Une nouvelle étude a montré que le produit chimique pouvait s’avérer fatal à des degrés variés pour la truite arc-en-ciel, la truite mouchetée et l’omble à points blancs. On sait maintenant que l’agent chimique se retrouve également dans l’urine humaine, ainsi que le sang et le liquide cérébrospinal, surtout chez la femme enceinte. Une étude réalisée en 2024 et revue par des pairs a découvert que le produit chimique entrerait le corps humain via l’ingestion, l’inhalation ou le contact par la peau. Elle avance que la 6PPD-quinone pourrait rapidement atteindre les tissus et les organes vitaux, surtout le foie et les poumons.

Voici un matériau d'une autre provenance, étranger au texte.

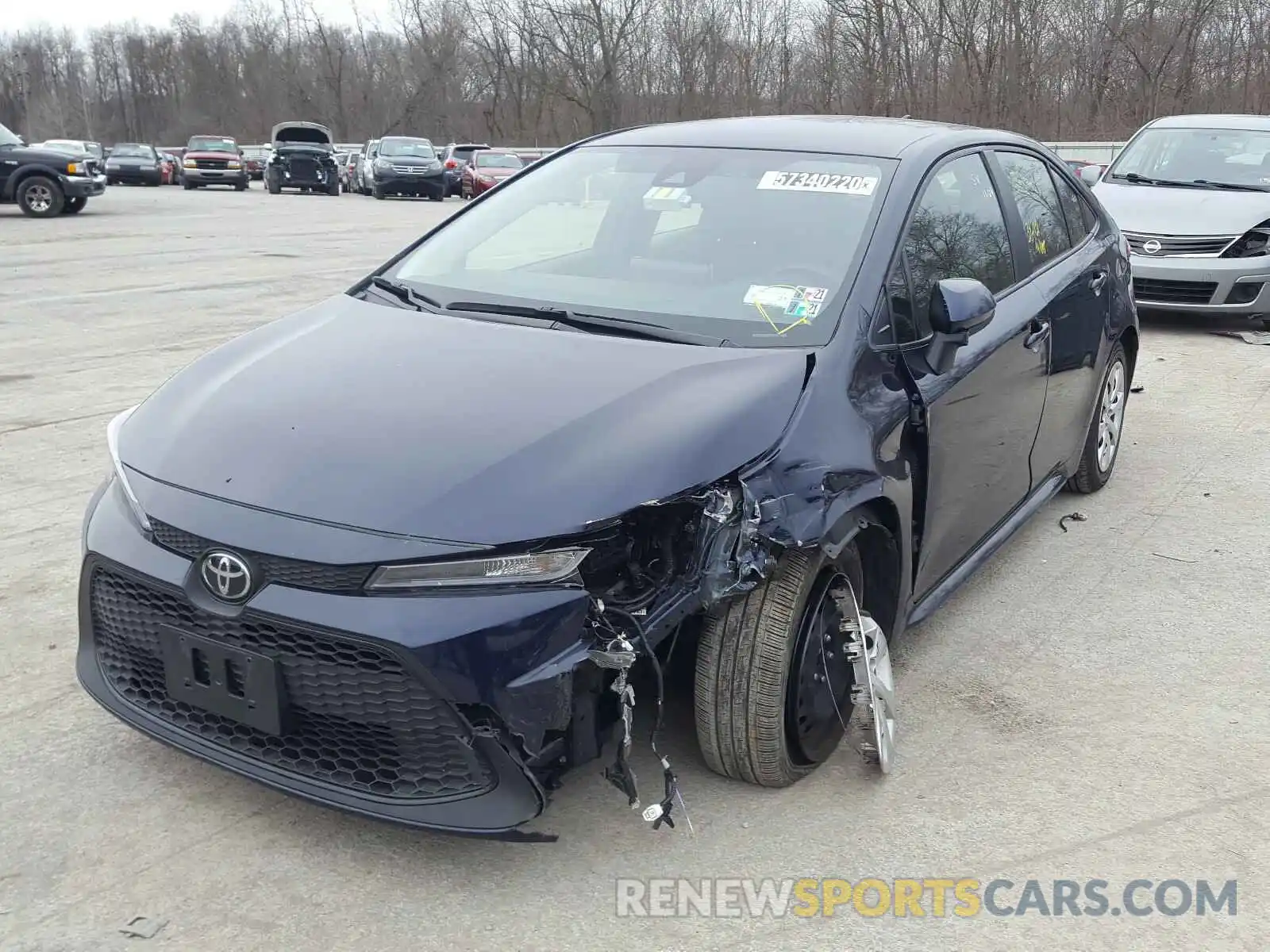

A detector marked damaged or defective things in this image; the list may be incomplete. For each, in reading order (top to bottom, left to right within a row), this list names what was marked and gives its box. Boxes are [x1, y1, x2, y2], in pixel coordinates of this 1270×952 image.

bent wheel rim [27, 184, 54, 212]
damaged blue sedan [76, 115, 1143, 838]
bent wheel rim [1097, 360, 1127, 474]
bent wheel rim [782, 574, 853, 766]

Aux niveaux aujourd’hui observés, la toxine n’est pas toxique pour l’humain mais cette recherche pourrait avoir d’autres implications.
« Bien que nous n’ayons pas l’avoir d’avoir une réponse aussi mortelle que [d’autres espèces], nous commençons à apprendre les conséquences sous-jacentes qui pourraient certainement concerner les humains », explique la docteur McIntyre.
Nathan Ivy est l’un des biologistes qui s’acharne à découvrir les effets non-mortels de cette omniprésente quinone. Depuis un laboratoire situé sur les berges de la crique de Miller à Puyallup, il surveille deux lots d’œufs de saumon. L’un élevé dans les eaux de la crique proche et l’autre élevé dans une eau filtrée.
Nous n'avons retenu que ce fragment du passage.